Better point out that the rest of the site is somewhat different, and not what I'm linking to, or defining as reality, although interesting. :) But the page referred too is as far as I understand perfectly correct.
==

So a 'single electron' refuse to radiate. How about putting several such atoms together. Would it radiate then? Nah, I don't think so. Radiation is about 'change' and 'energy expended' to me. Do you agree?
==

Maybe the next step should be to define what make something 'electro magnetic'?

As I understands it that come from the idea of charged particles "like 'negative' electrons and 'positive' protons. Without these charged particles, there can be no electric force fields and thus no electromagnetic waves." Here.

So what was a charge? There it becomes weird again, we have two definitions coexisting as I see it. One is what we call charges normally, observing them as 'whole' quantity's, the other also correct but there consisting of fractional quantity's of 'charge', also called 'quasi particles'. Here.

"In physics, a charge may refer to one of many different quantities, such as the electric charge in electromagnetism or the color charge in quantum chromodynamics. Charges are associated with conserved quantum numbers.

More abstractly, a charge is any generator of a continuous symmetry of the physical system under study.

When a physical system has a symmetry of some sort, Noether's theorem implies the existence of a conserved current. The thing that "flows" in the current is the "charge", the charge is the generator of the (local) symmetry group. This charge is sometimes called the Noether charge.

Thus, for example, the electric charge is the generator of the U(1) symmetry of electromagnetism. The conserved current is the electric current.

In the case of local, dynamical symmetries, associated with every charge is a gauge field; when quantized, the gauge field becomes a gauge boson. The charges of the theory "radiate" the gauge field. Thus, for example, the gauge field of electromagnetism is the electromagnetic field; and the gauge boson is the photon.

Sometimes, the word "charge" is used as a synonym for "generator" in referring to the generator of the symmetry. More precisely, when the symmetry group is a Lie group, then the charges are understood to correspond to the root system of the Lie group; the discreteness of the root system accounting for the quantization of the charge." Here.

So is there statements about what our electrical charge is?

"Charge is not energy. A set quantity of charge can have many different amounts of energy at the same time. Opposite charges moving along together are "mechanical", while opposite charges moving differently are "electrical." If the negative charge in an object should start moving while the object's positive charge stays at rest, then we call that motion an electric current. The words "electric current" mean the same as "charge flow. Charge is not invisible.

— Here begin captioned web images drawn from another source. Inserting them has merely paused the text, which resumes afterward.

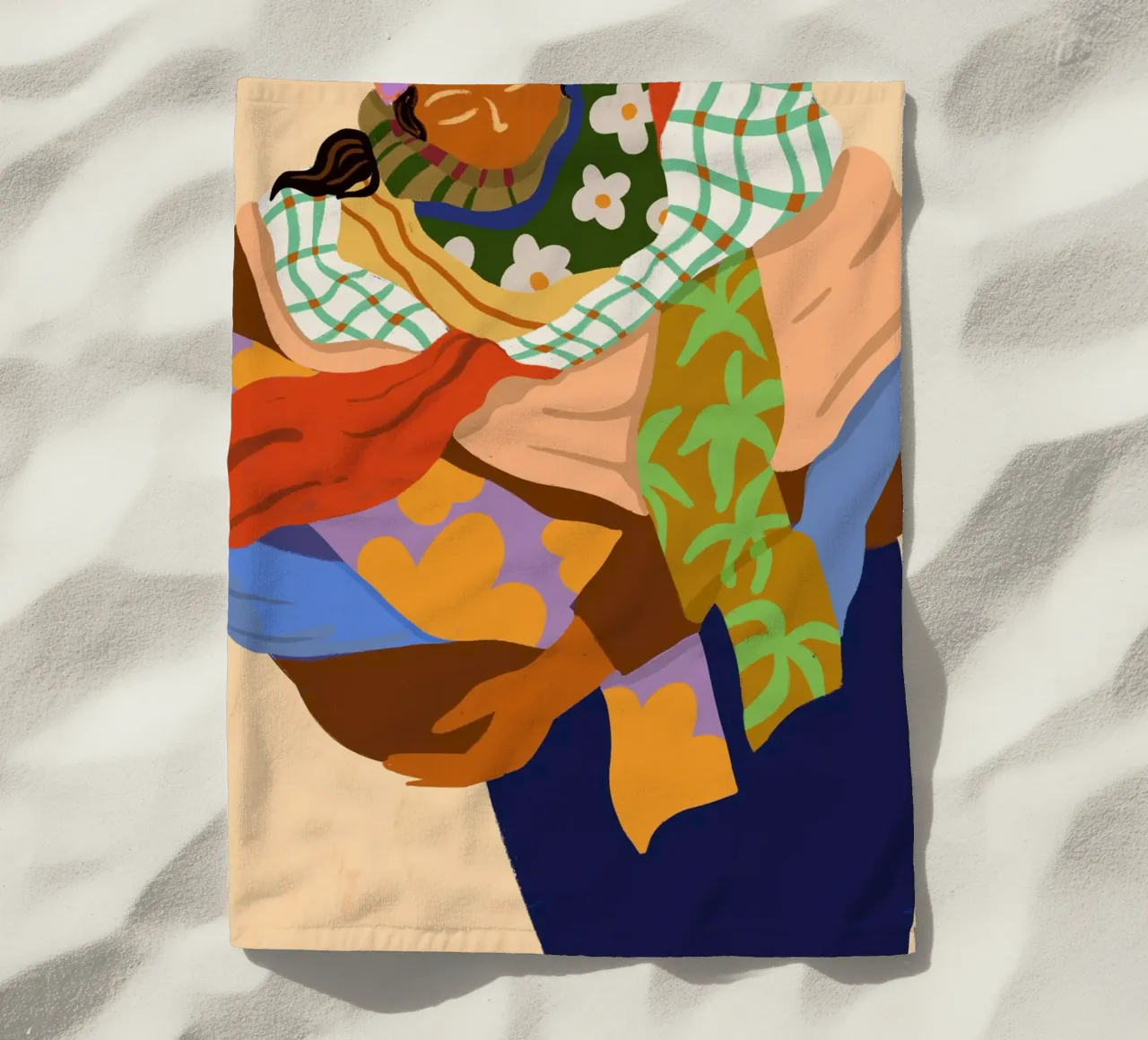 Get Cosy telo mare da Arty Guava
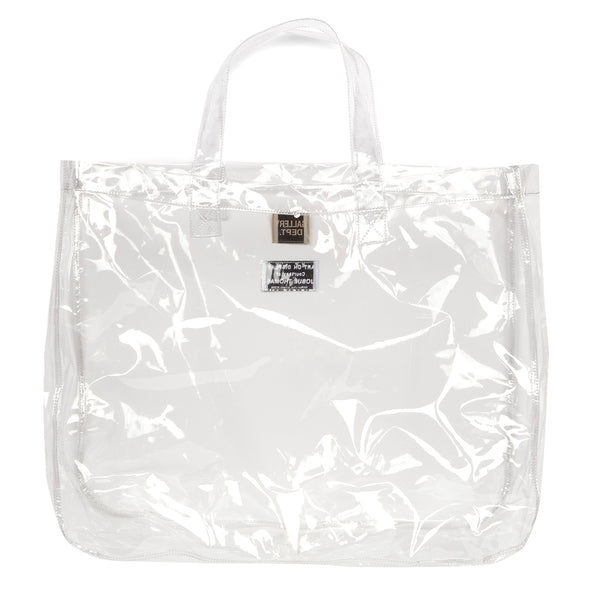 Gallery Dept. RECYCLE TOTE Clear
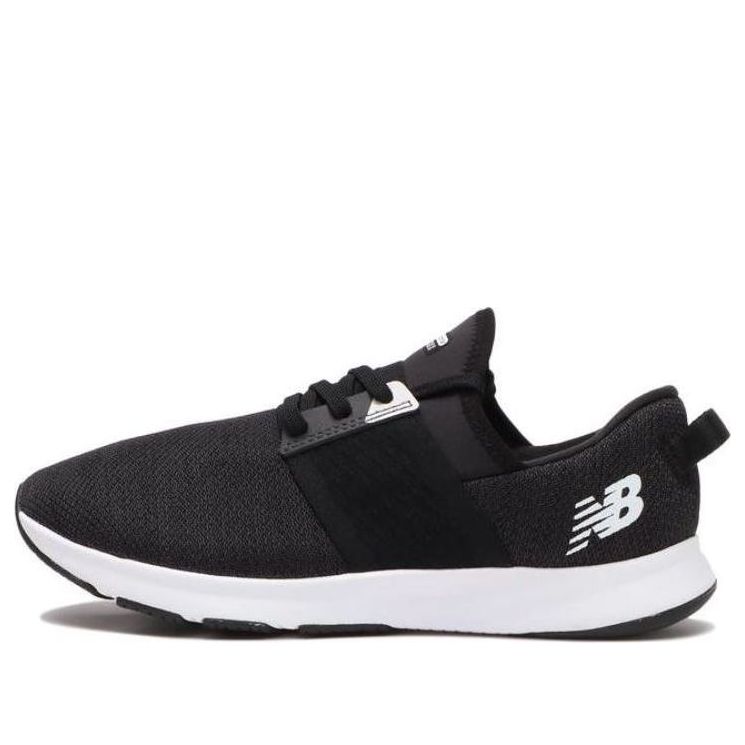(WMNS) New Balance Dynasoft Nergize V3 Shoes 'Black White' WXNRGHL3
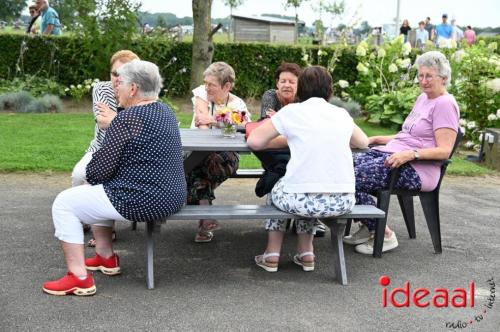 Fiets de boer op Zelhem - Halle (27-07-2024)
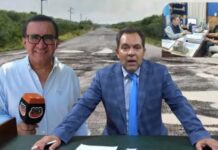 Amarilla cruzó a Morán y Gialluca: «¿Dónde estaban cuando se pagaban rutas que no se terminaban o se hacían mal?»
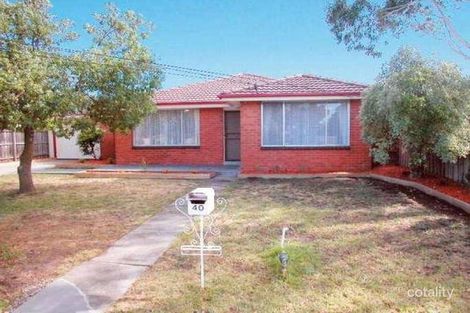 40 Koonalda Rd, Gladstone Park, VIC 3043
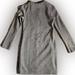 Zara Dresses | Bodycon Dress By Zara | Color: Gray | Size: M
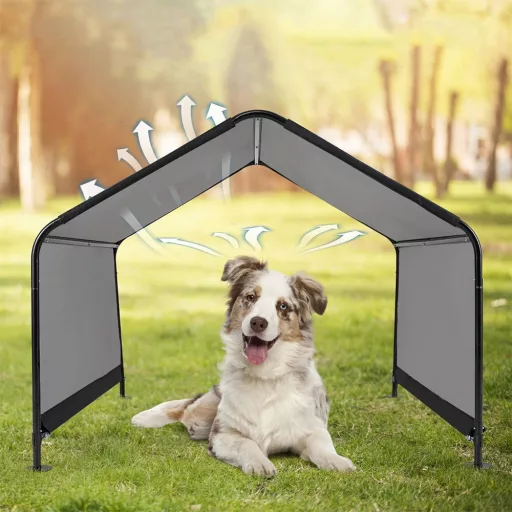 Tenda per Cani da Esterno Impermeabile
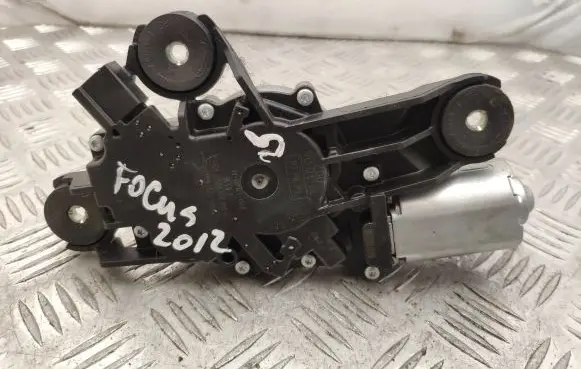 Ford Focus Rear window wiper motor BV6117K441AA 0390201205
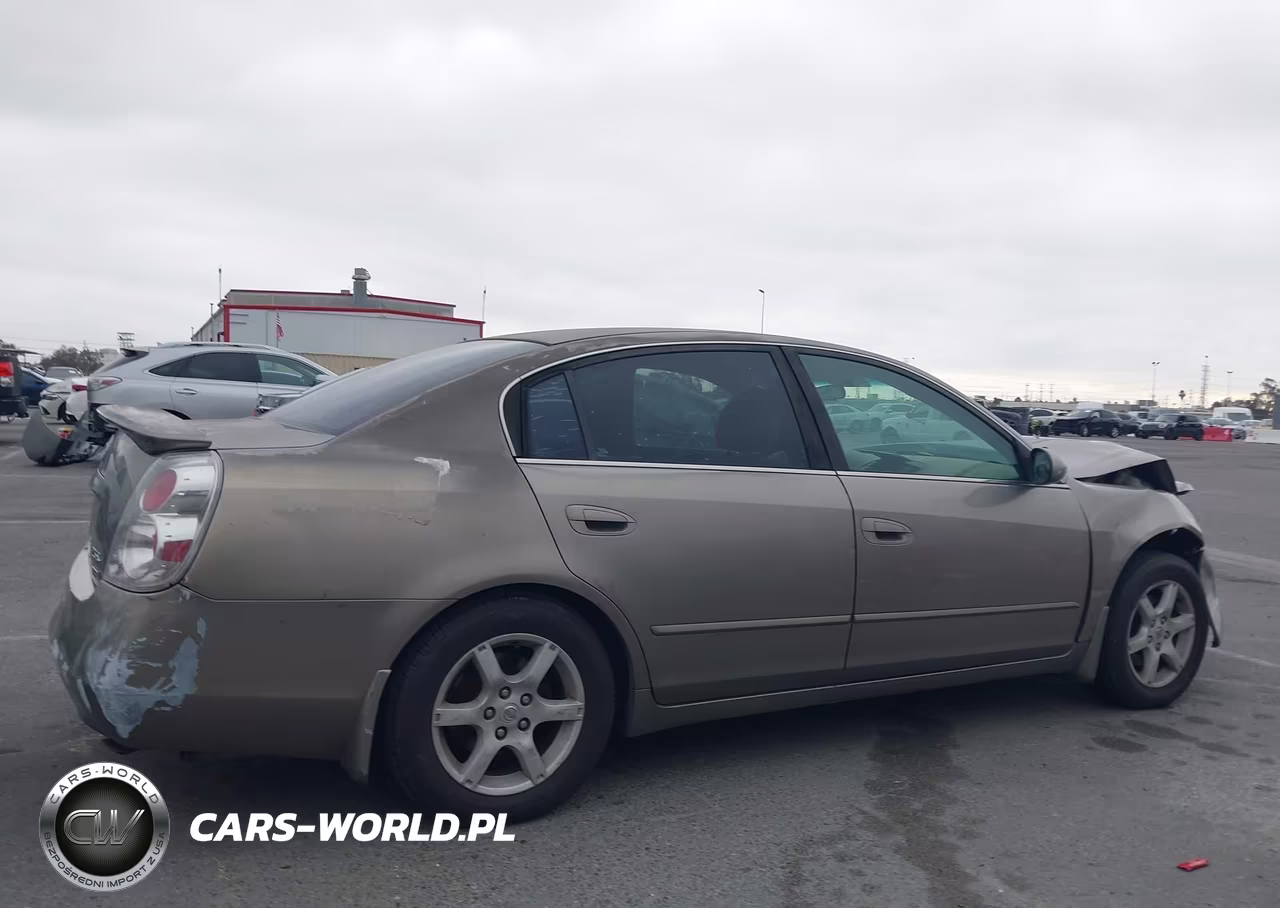2006 Nissan Altima 2.5 S VIN:1N4AL11D56N374916 - 13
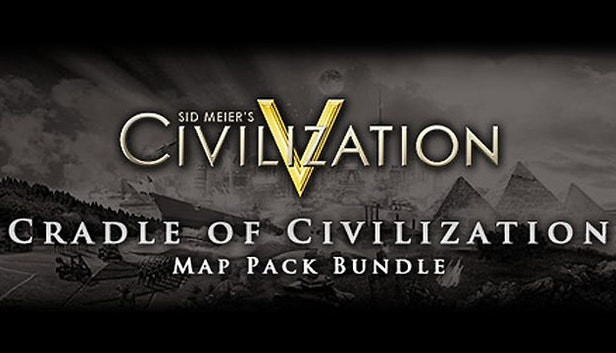 Sid Meier’s Civilization V: Cradle of Civilization Map Pack Bundle (Mac)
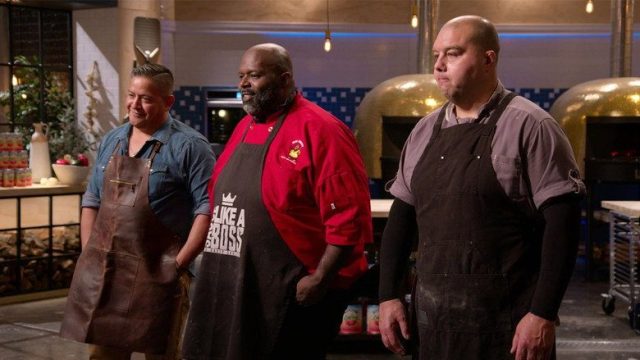 La batalla de las pizzas S01E03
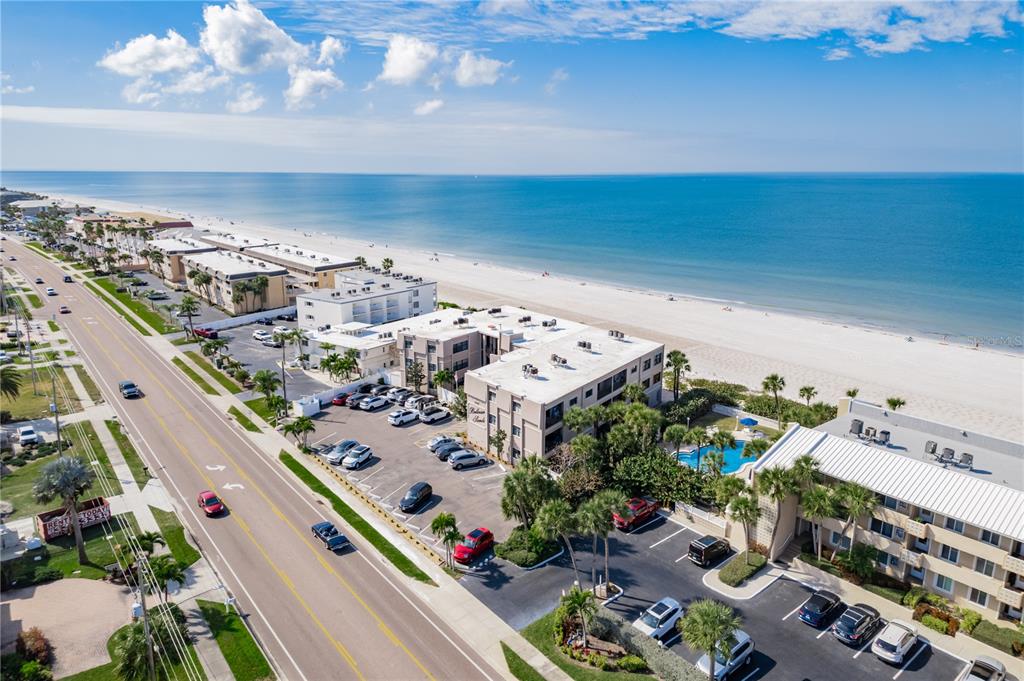 3210 Gulf Boulevard, Unit 307 Belleair Beach, FL 33786 - Photo 43 of 44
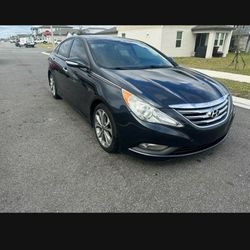 Hyundai Sonata Limited 2.0 Turbo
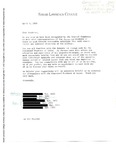 [Letter from the Ad Hoc Negotiating Committee to Students, April 4, 1989] by Negotiating Committee, Sarah Lawrence College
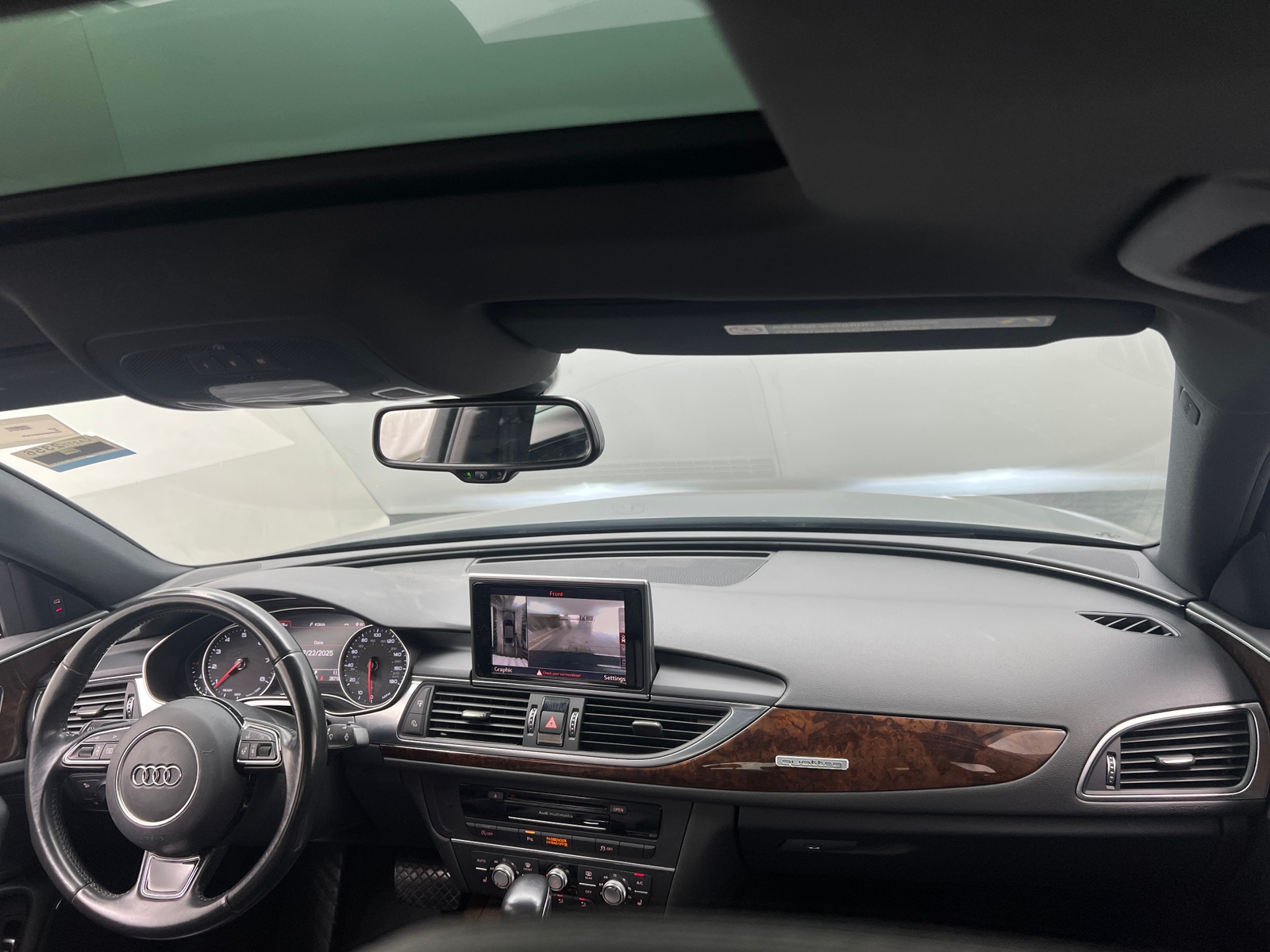 Thumbnail: 2016 Audi A6 - 2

Whenever light bounces off an object, it bounces off the outside of the atom, and the outside of an atom is made of negative charges. In other words, electric charge reflects light."

And "Charge is "poles"

When the positive and negative charges of matter are sorted out and pulled away from each other, "static electricity" is the result. When (+) is pulled away from (-), an invisible force field connects them and causes them to attract each other. This field is similar to magnetism in many ways, but it is not magnetism, it is called an Electrostatic Field, or "e-field." With magnetism, the lines of force spring from the north and south poles of magnets, and these lines seem to connect the opposite magnetic poles together. In Electrostatics, the electrical lines of force connect the (+) and (-) poles together. What is charge? It is the "pole" where the electrical lines of force come to an end. Follow the lines of a static "e-field" along, and eventually you'll arrive at a small bit of "charge." Electric charge is the glue which attaches the flux lines of e-field to the particles of matter. " From Here.
==

By the way, this guy above is one of my all time favorites :) when it comes to looking at things.. Here's something from his FAQ.   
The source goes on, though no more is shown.